La relación de amor entre Mitch y Melanie se formaliza mientras los pájaros siguen sembrando el caos. Mitch besa a Melanie tras verla preparando té para su madre: Melanie, esa mujer que se había bañado en una fuente de Roma, había acabado en el juzgado por romper un cristal, y había llegado hasta ese pueblo siguiendo a un desconocido, no tarda en recogerse en el ámbito de lo doméstico. Esto bien viene anunciado previamente, en un plano que tiene lugar tras la fiesta fallida de la pequeña Cathy: en el mismo cuadro, dos niños asoman sus cabezas, haciéndose hueco entre un Mitch y una Melanie que se sujetan el uno al otro –huelga decir que la relación de la protagonista hacia Cathy también se presenta de forma maternal-. Nuestras primeras impresiones sobre el personaje, así, se desmontan, y adivinamos que Melanie dejará, en algún momento, de ser el Otro; ocupará el papel que la sociedad ha preparado para ella. Momentos después, en el colegio, encontraremos el caso opuesto. Entendemos la razón por la que Annie, siendo formalmente parte de la comunidad, no consiguió cautivar a Lydia, ya que oímos a los niños entonando una canción sobre una mujer que refuta obedecer a su marido –déjales cantar un poco más, pide ella-.

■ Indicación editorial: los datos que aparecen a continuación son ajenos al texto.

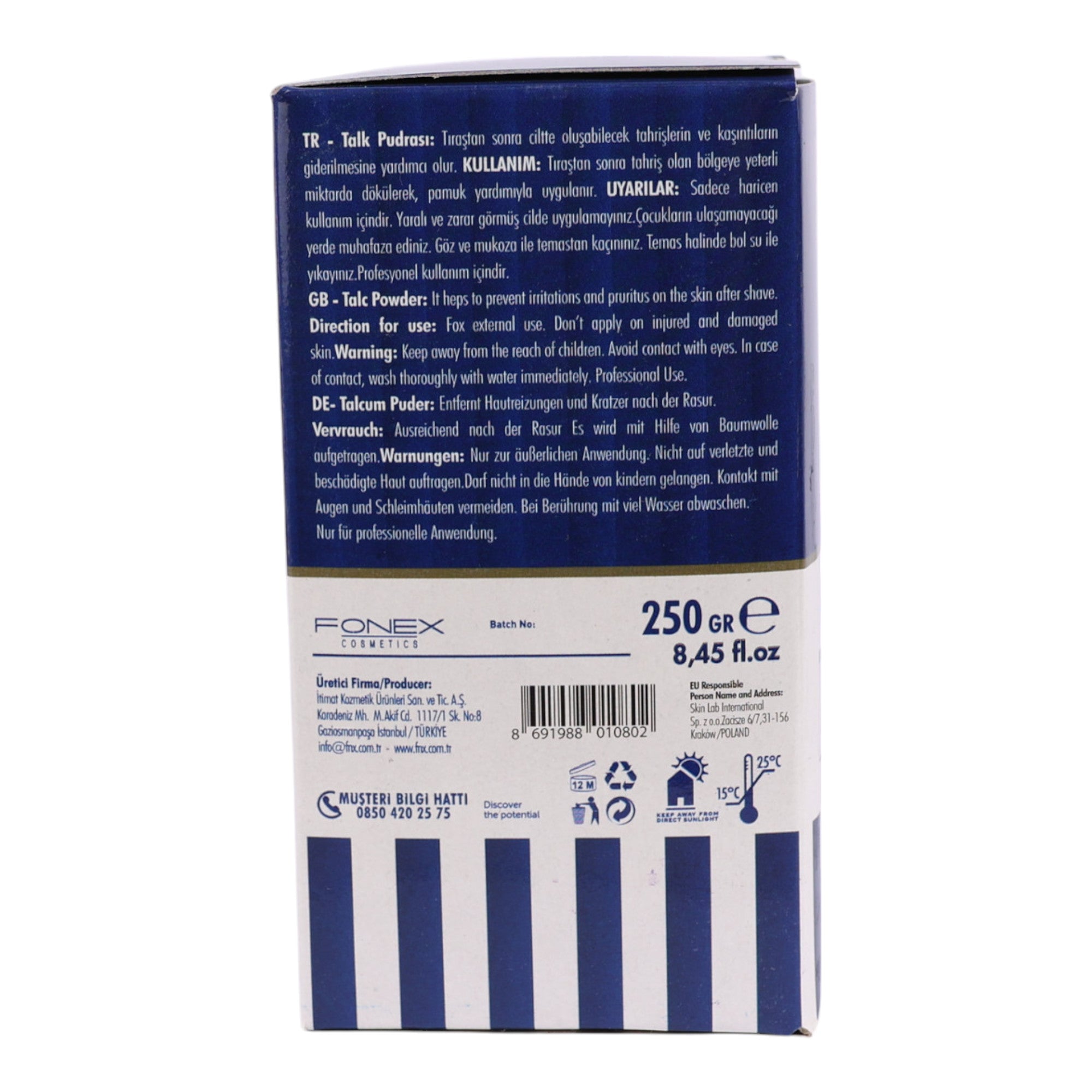 Fnx Barber - Talc Powder Rose 250g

Parece que ningún análisis de la obra es satisfactorio mientras no responda al misterio que vertebra la película, este es, por qué atacan los pájaros. Žižek, como otros tantos autores, desiste de la idea de que los pájaros simbolicen algo. En mi opinión, se equivoca; en esto y en pretender despojar al filme de una lectura política. Dice Eduardo Latorre que, en los filmes de Hitchcock, la idea de la culpa aparece por todas partes; y es respondido por otros académicos, con motivo de Los pájaros, que aventuran que el ataque de las aves no es un purgatorio, ya que atacan a niños, a mujeres y a hombres; al culpable y al inocente por igual. Pero, quién dictamina quién es culpable y quién es inocente.

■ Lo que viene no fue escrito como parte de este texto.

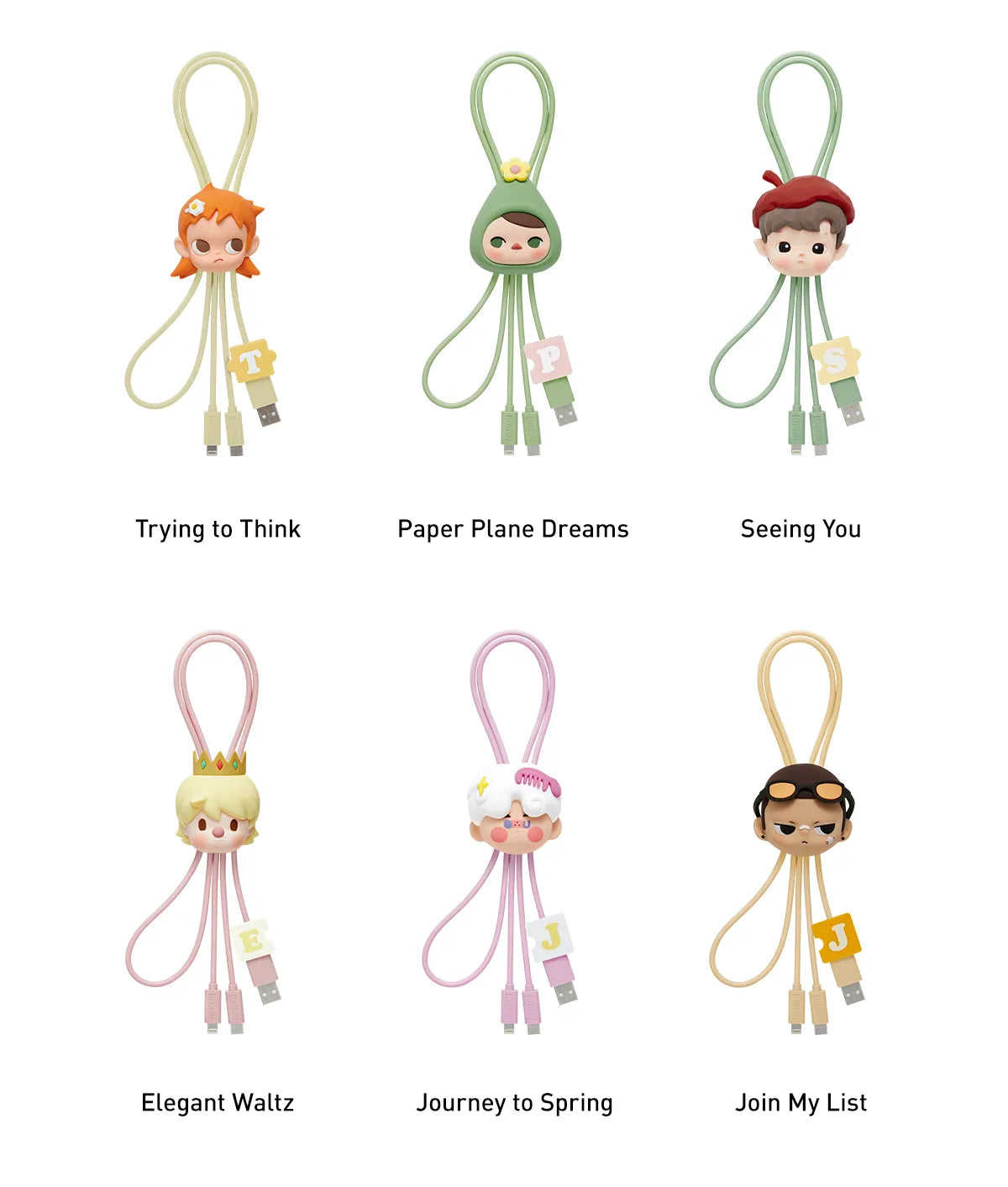 POPMART HAND IN HAND 2 IN 1 CABLE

Como he mencionado previamente, Melanie no sólo es el detonante de la historia, sino quien la focaliza, pues la narración va donde va ella. Ella es culpable para la comunidad por la llegada de los pájaros y, en otros términos, culpable para Lydia, la madre del hombre a quien pretende conquistar, al haberse bañado desnuda en una fuente -y aquí no podemos olvidar que, en el psicoanálisis, esto se referiría inequívocamente al deseo y el acto sexual-. En definitiva, es culpable para una sociedad desorientada. Si buscamos quién paga por este pecado acabaremos en la que resulta objetivamente, a nivel narrativo, una digresión en la película, al ser la única escena que no se cuenta a través de Melanie: la muerte del granjero. Aparece no solo sin vida, sino con los ojos arrancados. Recordando que para Freud los ojos venían a representar los testículos -que con esta lectura hizo largas interpretaciones de los cuentos de Hoffman- leemos que el pecado sexual de Melanie sería, entonces, purgado con la castración del granjero, inocente al ser el único personaje con que ella no se cruza.

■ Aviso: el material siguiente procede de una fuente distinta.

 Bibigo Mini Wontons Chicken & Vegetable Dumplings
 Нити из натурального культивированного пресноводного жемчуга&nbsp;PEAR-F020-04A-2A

Quién decide aquí abajo qué es pecado y qué no, y por tanto quiénes son culpables o inocentes, no es ninguna entidad caída del cielo como aparecen estos pájaros; porque si los vemos como simples pájaros, nunca sabremos por qué atacaron esta ciudad. Sin embargo, si leemos el purgatorio de Los pájaros no como divino, sino como humano; si entendemos que somos los hombres quienes hemos inventado los pecados, hasta confundir a culpables con inocentes; perpetuado un sistema en que son los inocentes, de hecho, quienes sufren los errores de los culpables, veremos que los animales elegidos por Hitchcock para esta obra no vienen a representarnos más que a nosotros. Y al comprobar las bárbaras consecuencias del orden que hemos creado, qué hacemos los hombres: encerrarnos en casa a vivir historias de amor, y en el peor de los casos, escapar con sigilo dentro de nuestro coche.